TASK: Reproduce the entries word for word, and omit any picture you find in them.

Records from a data collection:

· · · ·

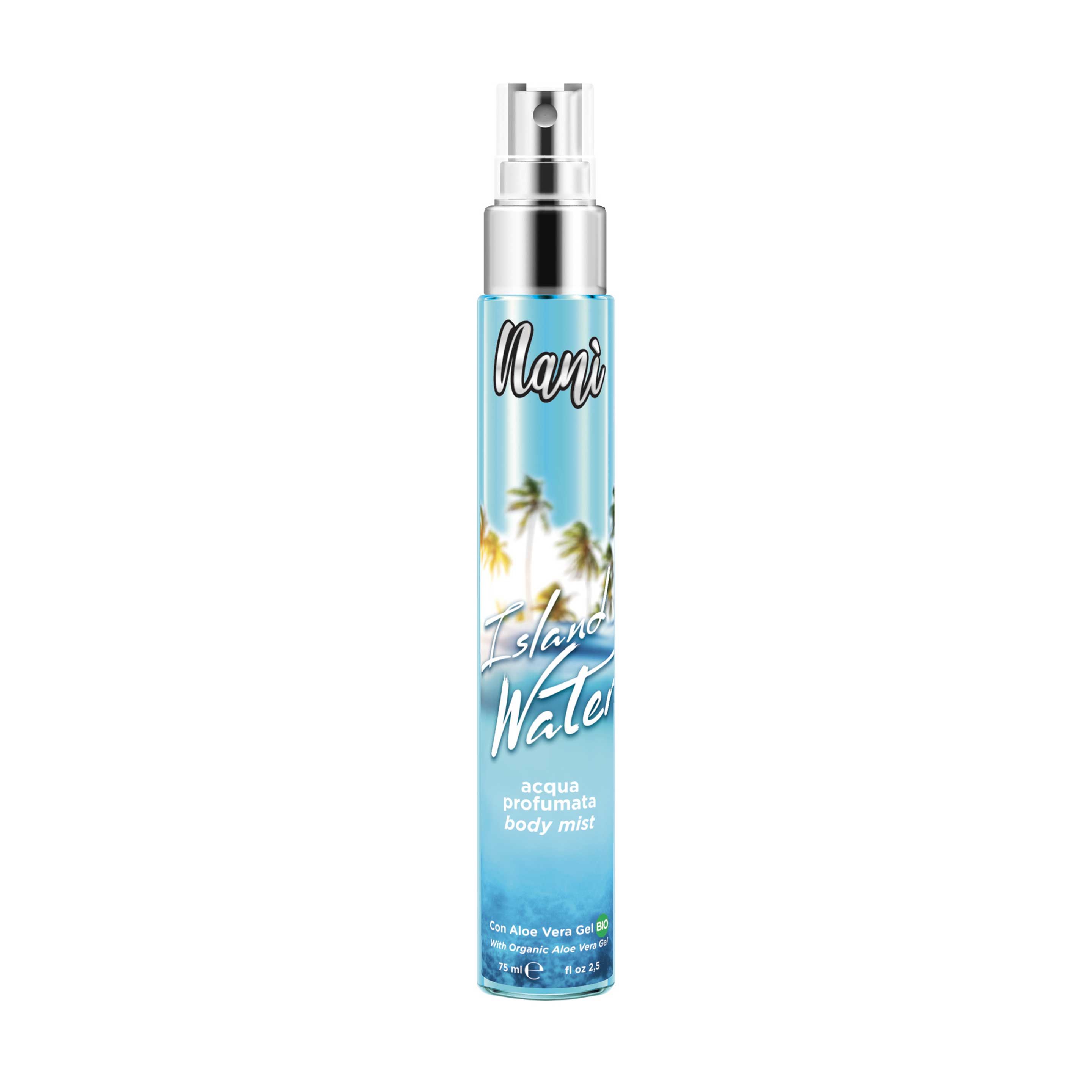 Naní Island Water, tělová mlha 75ml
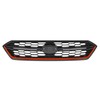 Front Bumper Upper Grille Compatible with 2018-2021 Subaru WRX/WRX STI
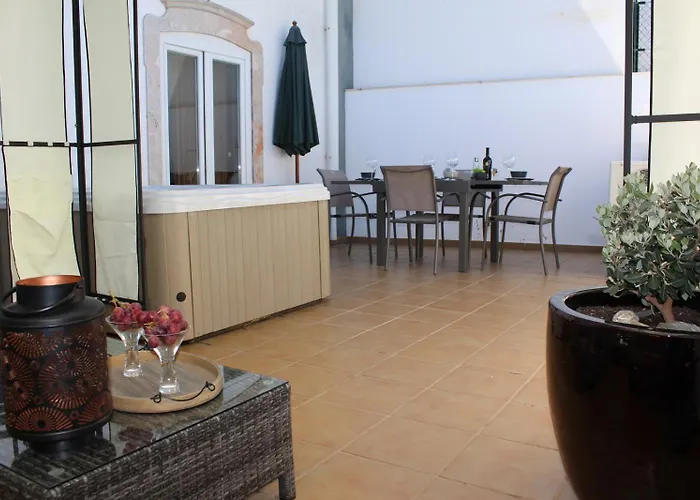 Charming Luz House - T2 With Jacuzzi * Tavira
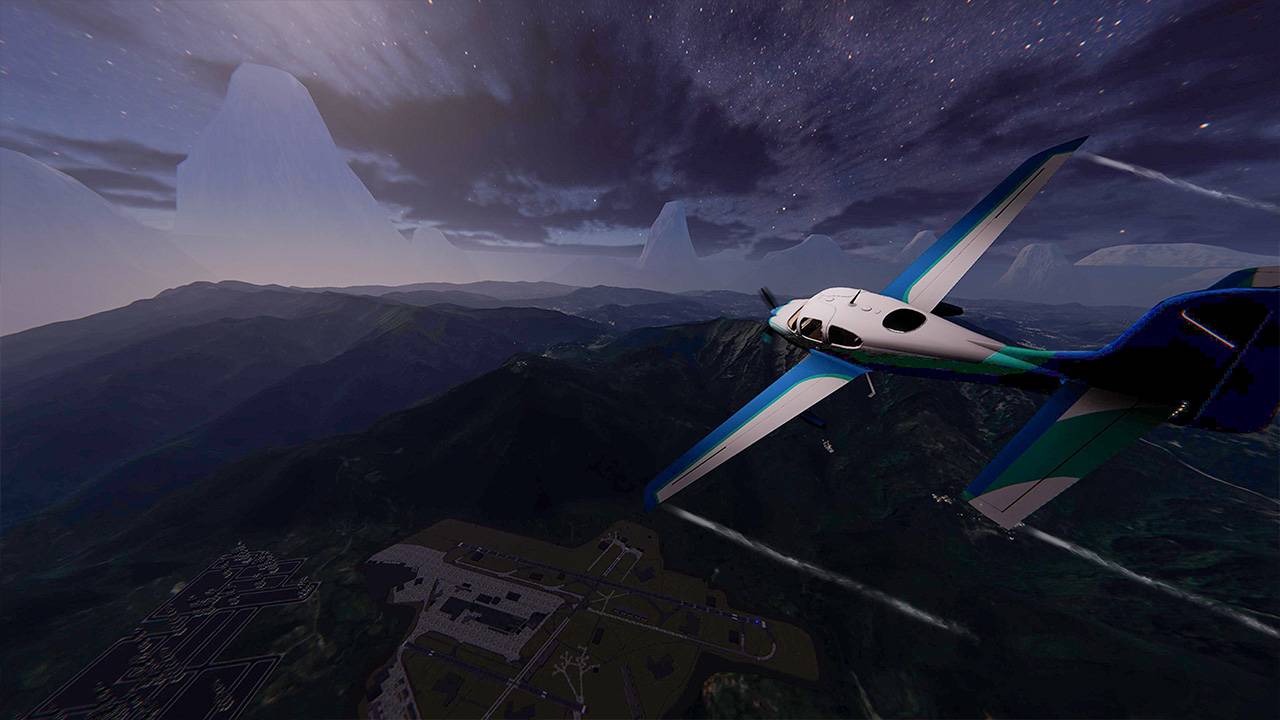 Plane Flight Simulator screenshot 3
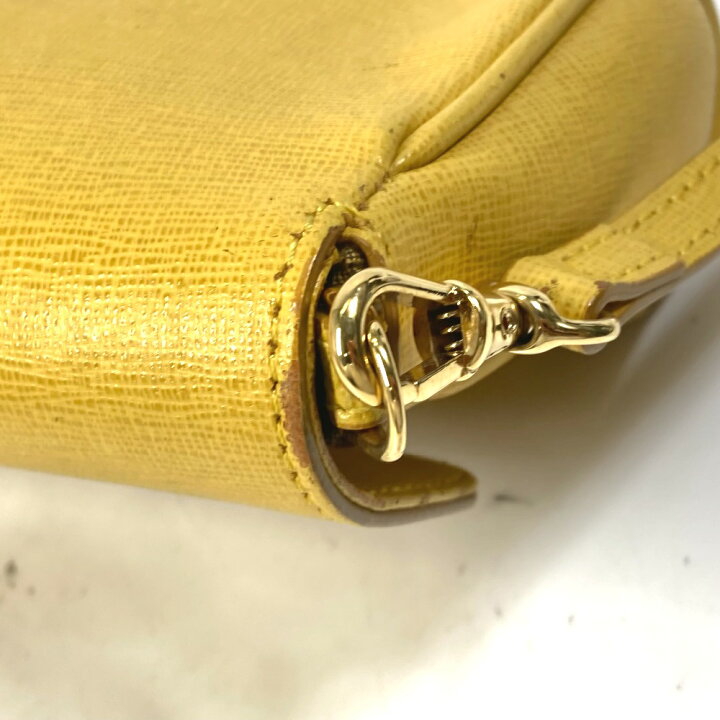 楽天市場】FENDI フェンディ 8M0327 2WAY クラッチバッグ ロゴ  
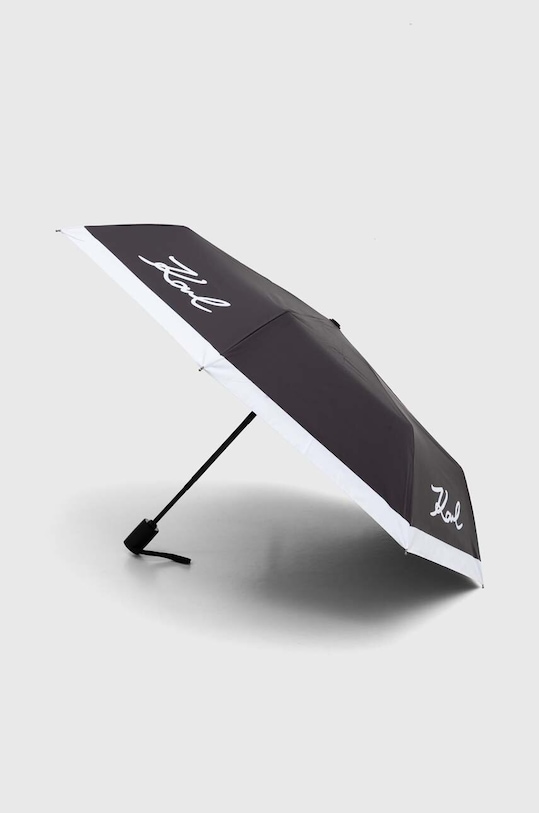Deštník Karl Lagerfeld černá 245W3899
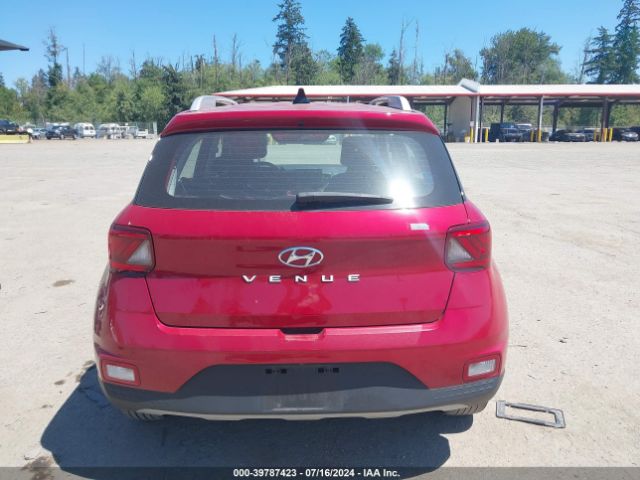 KMHRC8A37NU161964 Hyundai Venue Sel
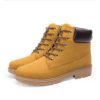 Cheap Price Bulk Shoes Men Leather Ankle Work Boots Durable Comfortable Made In China Wenzhou 3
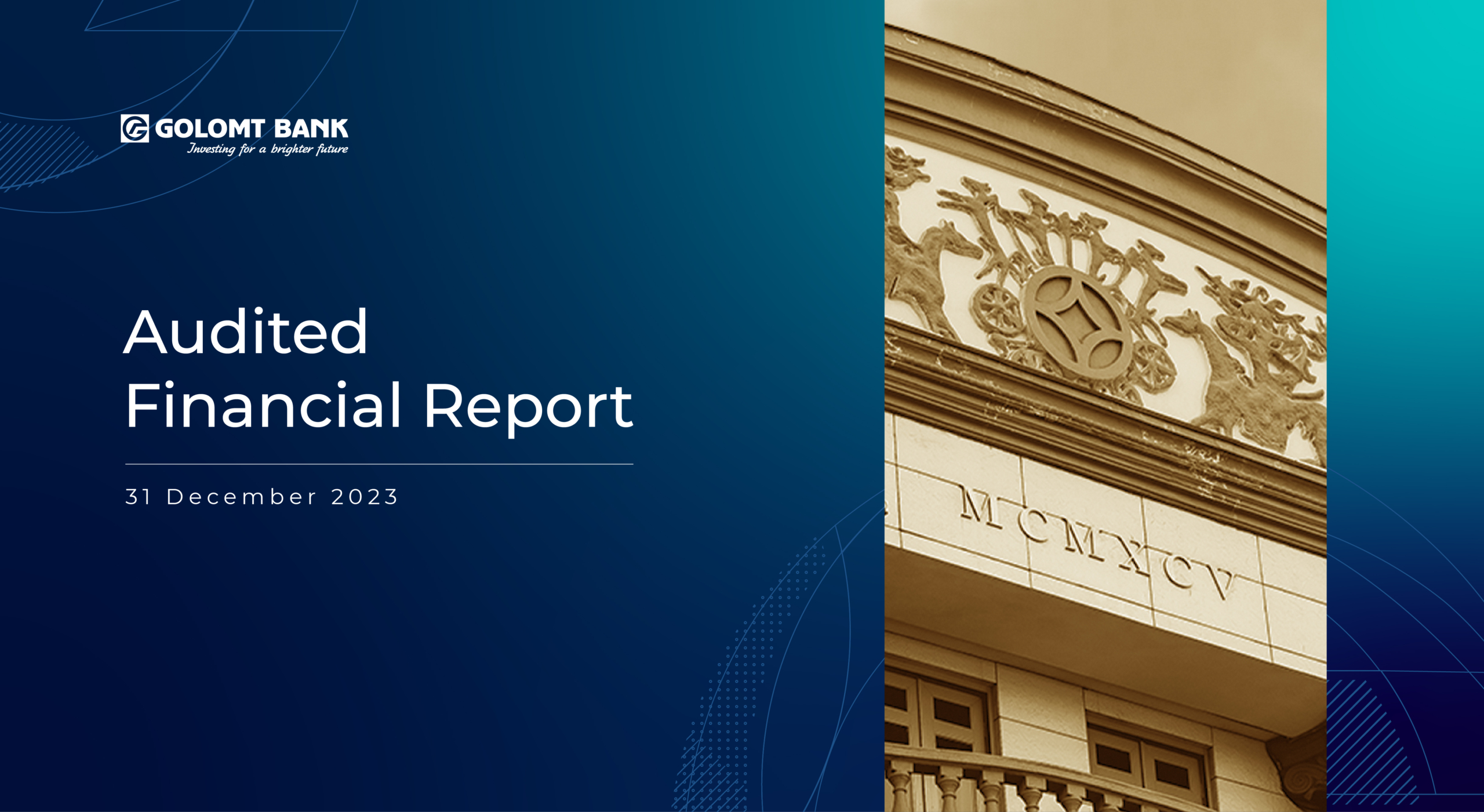 Golomt Bank released the audited 2023 financial report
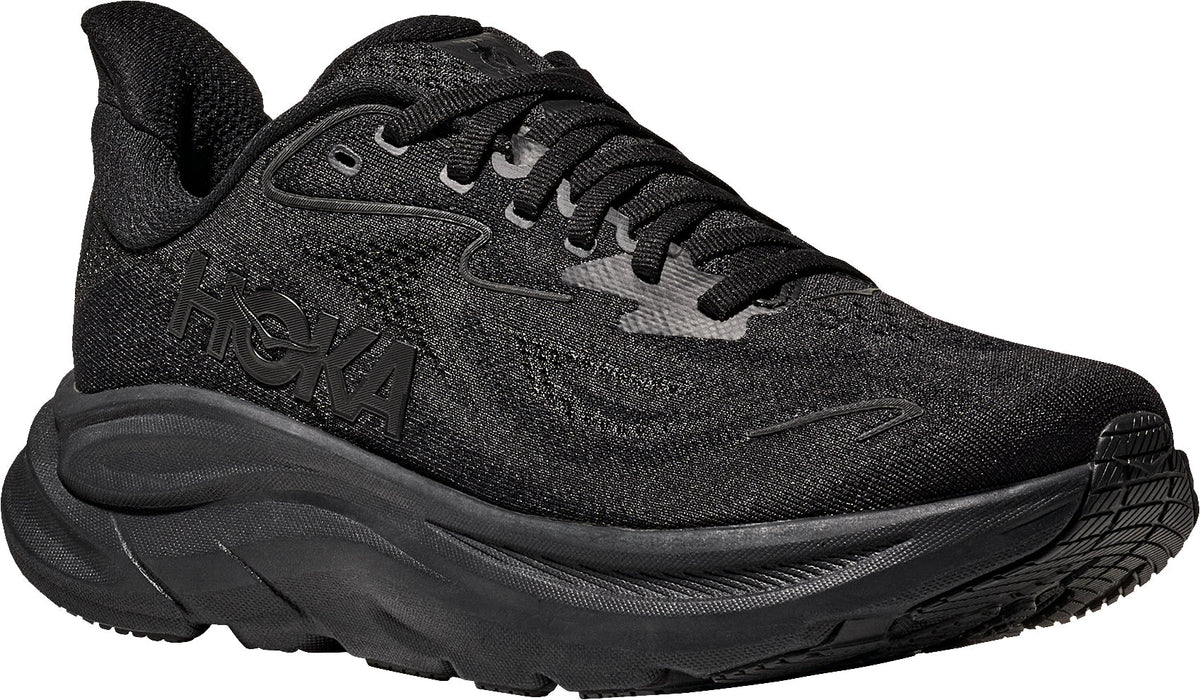 Men's Clifton 10 Road Running Shoes - Black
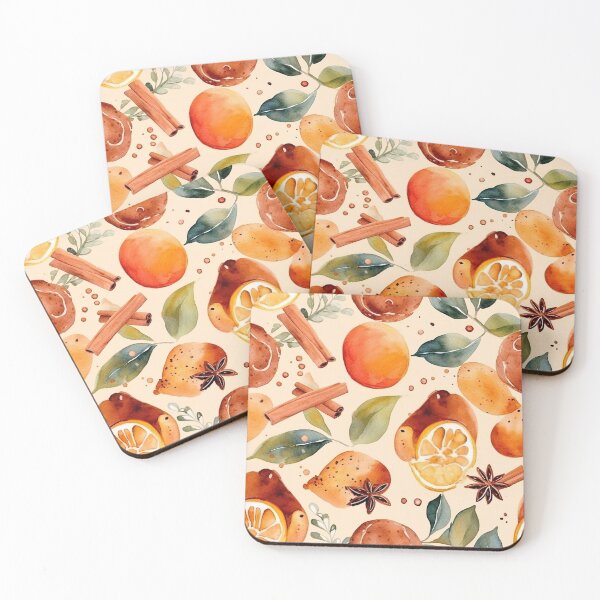 Item preview, Wintery modern design with Christmas motifs designed and sold by Pflugart.
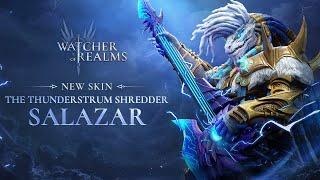 Salazar's Skin - The Thunderstrum Shredder | The Watchers' Archive | Watcher of Realms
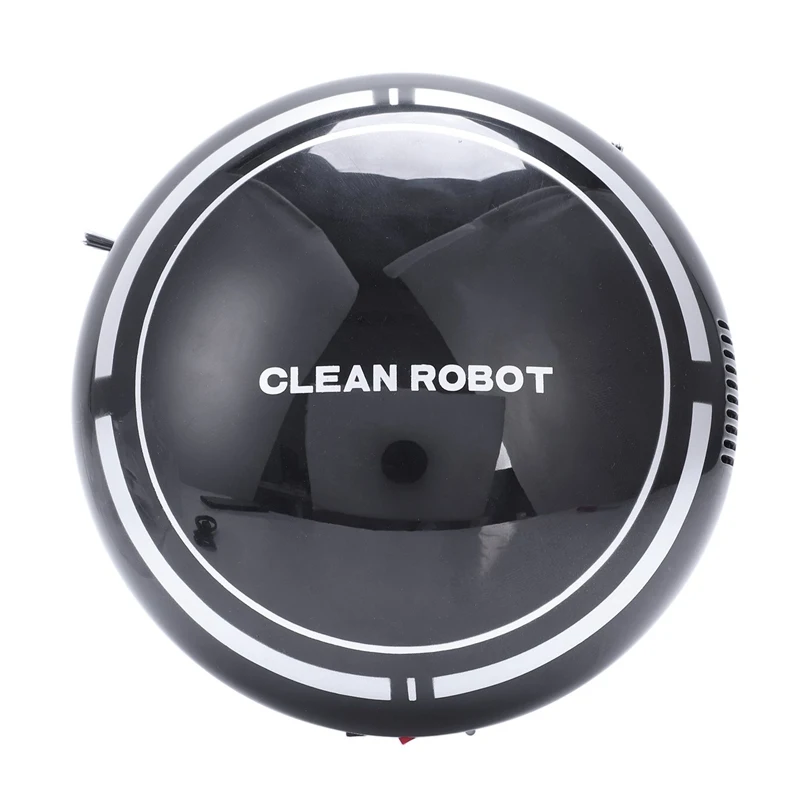 

2 In 1 Upgraded Rechargeable Floor Sweeping Robot Dust Catcher Intelligent Auto-Induction Floor Sweeping Robot Vacuum Cleaner Bl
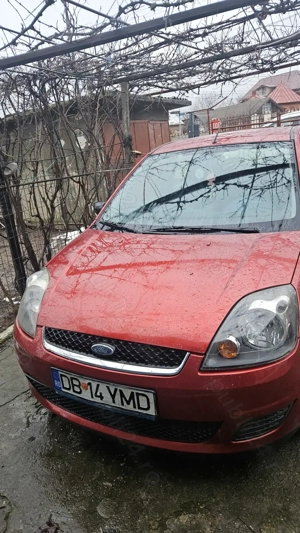 vand Ford Fiesta 2008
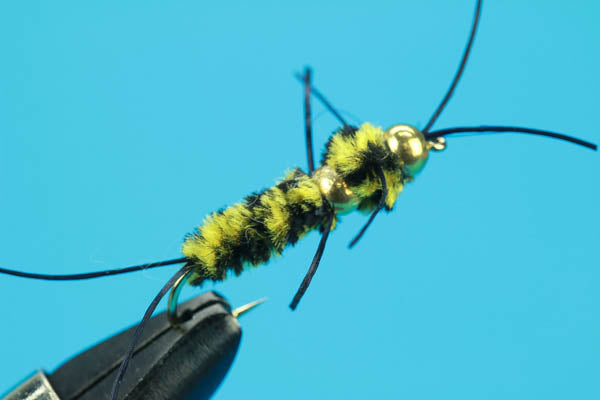 Tungsten Double Bead Pat's RubberLeg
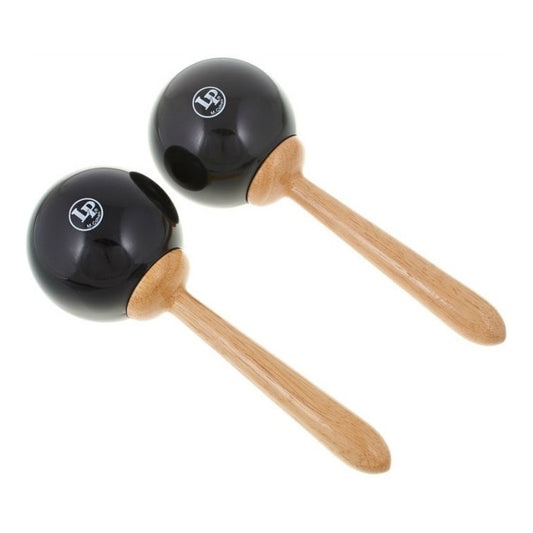 Maracas LP389 Fibra Negro Latin Percussion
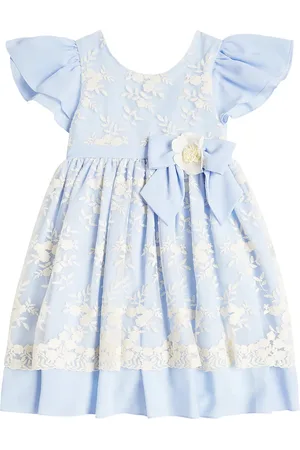 PATACHOU Vestido de chifón y tul bordado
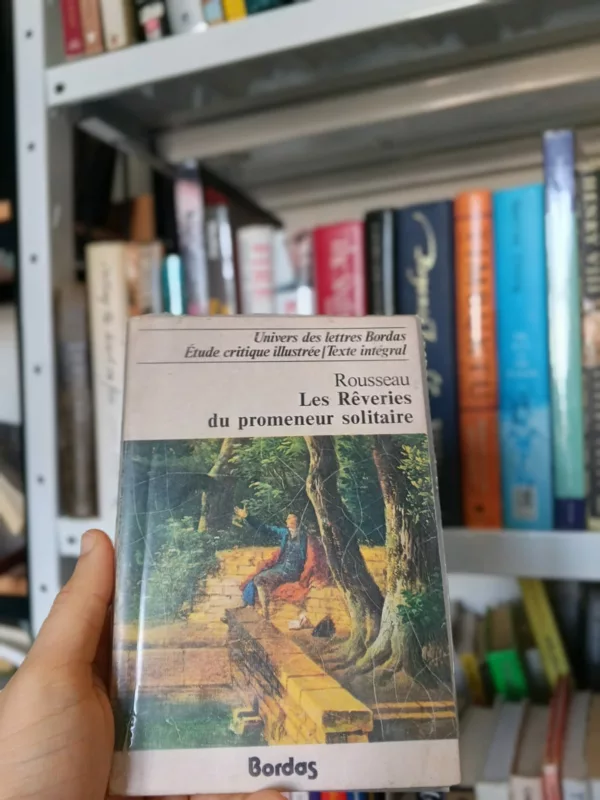 Les rêveries du promeneur solitaire 1981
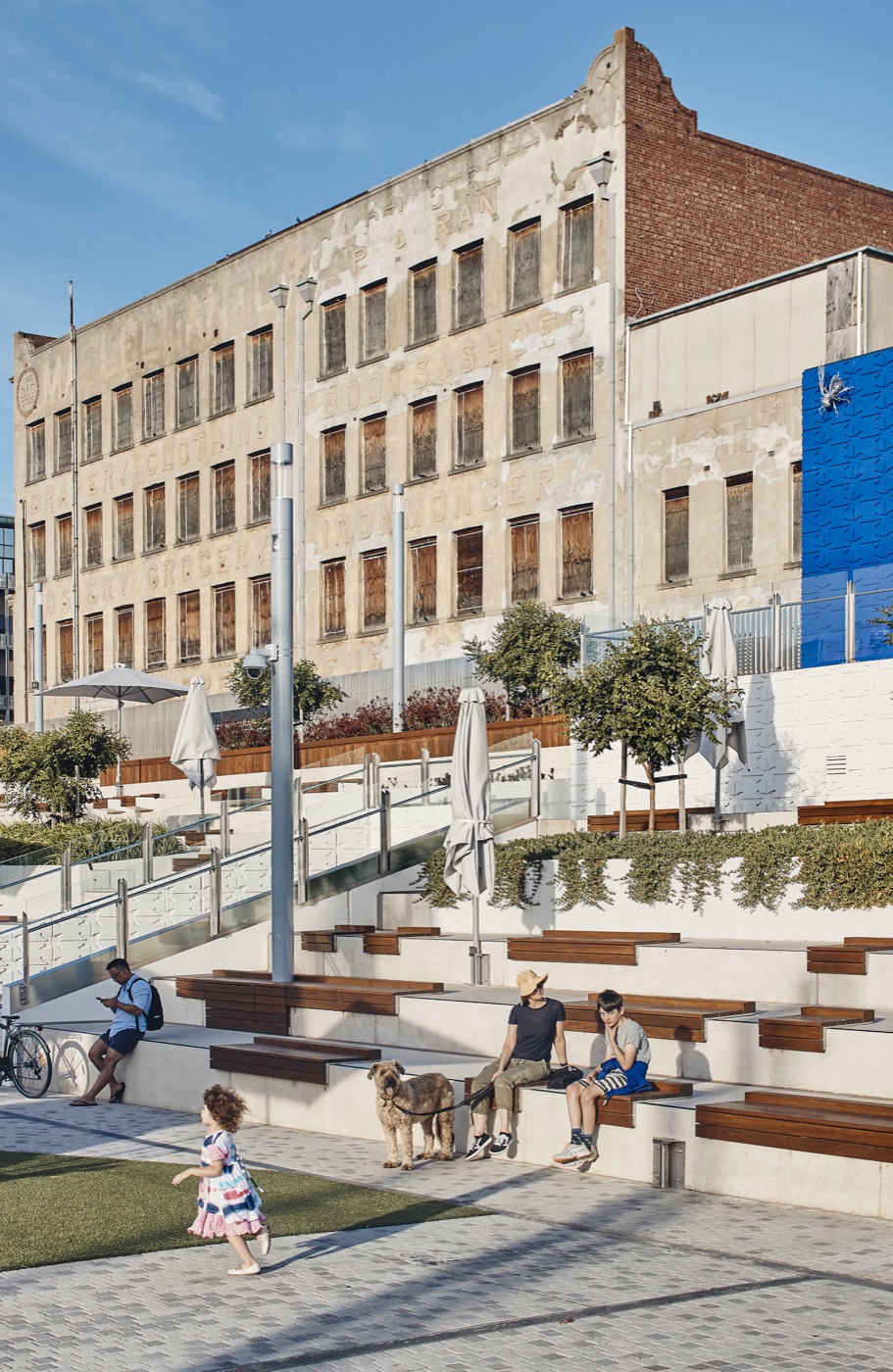 Prahran Square · 停车场变城市绿地丨澳大利亚丨ASPECT Studios,Lyons 等-16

· · · ·

RESPONSE TO THE TASK:
 Naní Island Water, tělová mlha 75ml
 Front Bumper Upper Grille Compatible with 2018-2021 Subaru WRX/WRX STI
 Charming Luz House - T2 With Jacuzzi * Tavira
 Plane Flight Simulator screenshot 3
 楽天市場】FENDI フェンディ 8M0327 2WAY クラッチバッグ ロゴ  
Deštník Karl Lagerfeld černá 245W3899
 KMHRC8A37NU161964 Hyundai Venue Sel
 Cheap Price Bulk Shoes Men Leather Ankle Work Boots Durable Comfortable Made In China Wenzhou 3
 Golomt Bank released the audited 2023 financial report
 Men's Clifton 10 Road Running Shoes - Black
 Item preview, Wintery modern design with Christmas motifs designed and sold by Pflugart.
 Salazar's Skin - The Thunderstrum Shredder | The Watchers' Archive | Watcher of Realms

2 In 1 Upgraded Rechargeable Floor Sweeping Robot Dust Catcher Intelligent Auto-Induction Floor Sweeping Robot Vacuum Cleaner Bl
 vand Ford Fiesta 2008
 Tungsten Double Bead Pat's RubberLeg
 Maracas LP389 Fibra Negro Latin Percussion
 PATACHOU Vestido de chifón y tul bordado
 Les rêveries du promeneur solitaire 1981
 Prahran Square · 停车场变城市绿地丨澳大利亚丨ASPECT Studios,Lyons 等-16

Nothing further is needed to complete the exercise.